The data sources could be from various data models (including RDF triples): database engines working with triples are now also widespread and booming (sometimes replacing RDBMS and SQL). Could it be possible to include Lua scriptlets in their query languages? For now there's active work using languages like R, Ada, _javascript_ and allowing them to process non-relational data. As well efficient data representation for geography and 3D modelling/simulation and in physics/engineering (fluid mechanics, meteorology...).

Lua is still not efficient enough with only its basic discrete types and "flat" tree-like data structures. OpenCL is a good model we could try to mimic to allow closer integration. Processing sparse data (e.g. from RDF triples or geographic systems) with a convenient and compact data representation may be a research goal.

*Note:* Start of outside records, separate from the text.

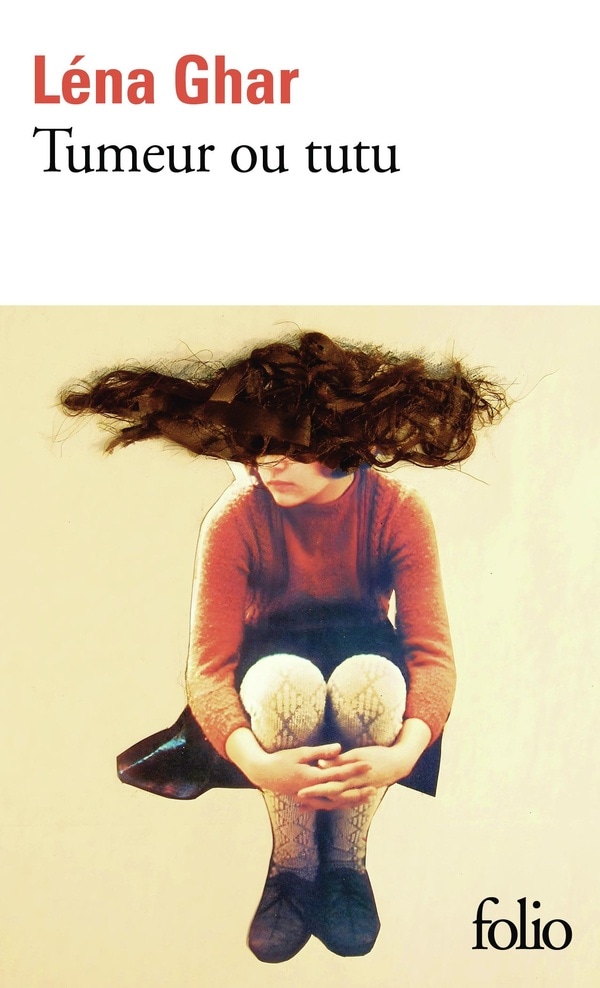 Tumeur ou tutu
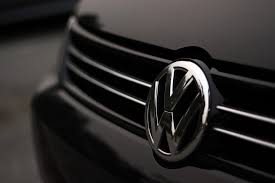 Chine : Volkswagen prêt pour le grand virage de la voiture écologique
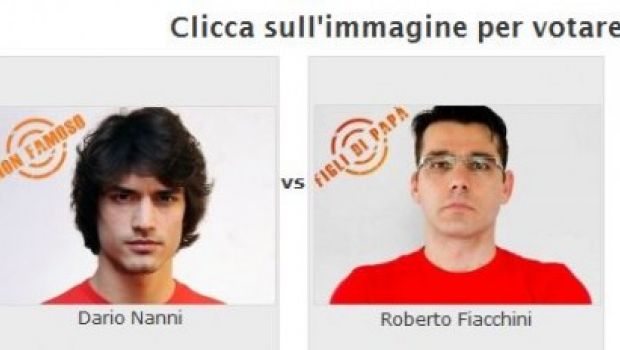 L’isola dei famosi 7 – Sesta puntata con Francesco Facchinetti inviato speciale. Fuori Fiacchini o Nanni?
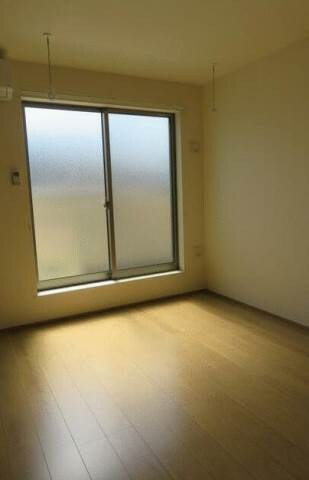 川口駅 徒歩12分 3階の物件内観写真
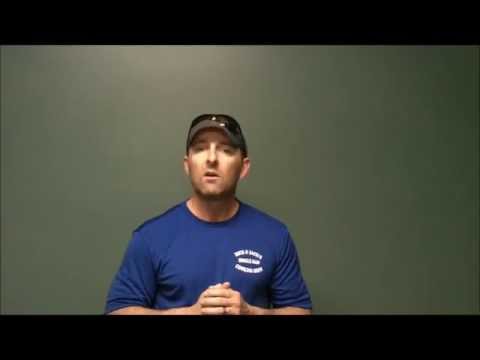 Single Man Cooking-TD-50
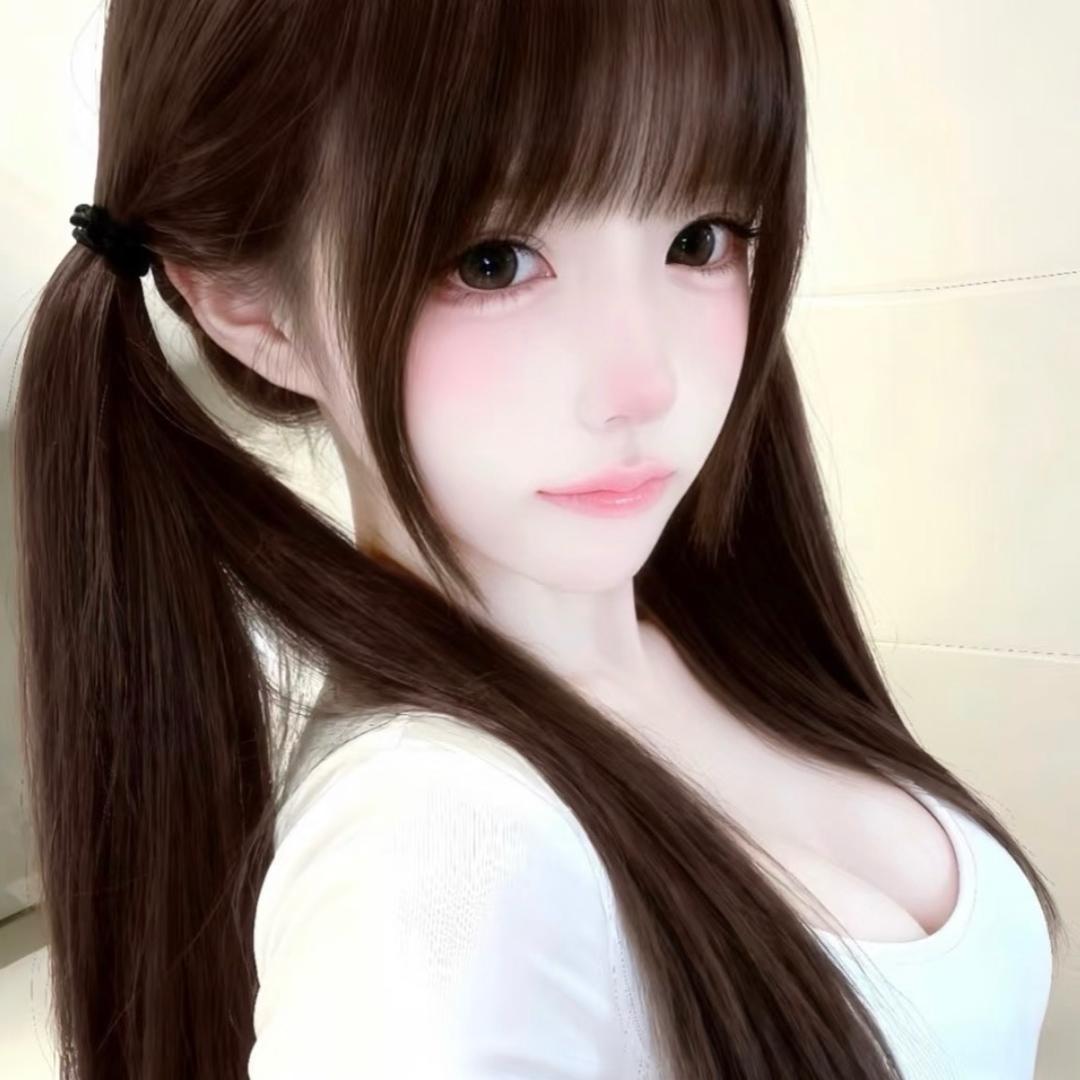 渔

Next will come the processing of data with estimations or probabilistic data, and fuzzy logic: a single number is not enough, they also need vector formats to be efficiently processed. And a new set of arithmetic or logical operations with their own semantics, still not covered by IEEE 754.

Le dim. 20 oct. 2019 à 16:56, Philippe Verdy <verdy_p@wanadoo.fr> a écrit :
Just look at this interesting list for floatting point formats (intended for data interchange):
https://en.wikipedia.org/wiki/IEEE_754 
This is something you should keep in mind
Also consider the additional formats used in FPUs for x86 and ARM (in discrete instructions)

And vector formats in SSE/AVX and APU/GPU (for OpenCL) as they are now widespread
https://en.wikipedia.org/wiki/OpenCL#Conformant_products 

It would be interesting to have Lua ported to work within an OpenCL engine and then be able to use GPUs and other vector extensions (which are very userful for massive data processing, which for now are still processed in legacy languages like FORTRAN, or proprietary mathematical languages and libraries).

Such work has been done for porting apps written in C, C++, Java, Perl, Python, .Net/CLI... but still not Lua and allow their parallelization. Note that I do not propose here a native parallelization in Lua, something that would be another proposal. ANSI C is just a very limited goal for Lua and it does not ease its safe integration in existing application servers or SQL engines (which could host Lua scriptlets, instead of using only Java or some old specific GL language like PL/SQL), except in specific containers running on separate isolated servers (but with poor/slow interaction, as this also requires them to communicate over some networking API, including REST API with response delays, and this is not acceptable for embedded devices and cause complex security concerns)



Le dim. 20 oct. 2019 à 16:21, bil til <flyer31@googlemail.com> a écrit :
Hi Phillipe,
thank you for your answer.

So you mean IEEE float numbers, you want to have even more there? So which
ones exactly?

Just please understand that it does not make too much sense to support IEEE
numbers, which are NOT supported by the lua_number type ... and I think it
is wise of lua to concentrate thus on the "ANSI C" types. Just for
reasonable future compatibilty, I would recommend to add "long double /
float128", as this is included already in ANSI C (though of course not yet
available on LUA_32BITS / LUA_64BITS), and a special wish for greedy "small
string optimizers" like for "short packing control applications", I have
this additional wish for "r"="float16" (but you could skip this, I would not
get a nerve attack then ...).

With codec's I assume you mean something like JPEG or even MP3 compression /
decompression ... but this to my opinione really should is FAR behind any
intrinsic support in LUA ... if you want to do this you really need to
define a special "compressstring" function in you private C code ... and you
can do this if you want. JPEG or MP3 compression assumes the bit set of all
pixels of a picture is a giantic vector of 1M, or 10M bits, depending on
your image resolution, and then does some nice linear algebra with this
vector. But this you for sure can NOT do in some small C code ... this would
really be something REALLY big, needing for sure several 10-100kBytes of
code..., this needs to be EXTREMELY speed optimized, if it should run
reasonably fast, in any case I think this usually is also done fairly
platform-DEPENDENT (not independent, as lua...).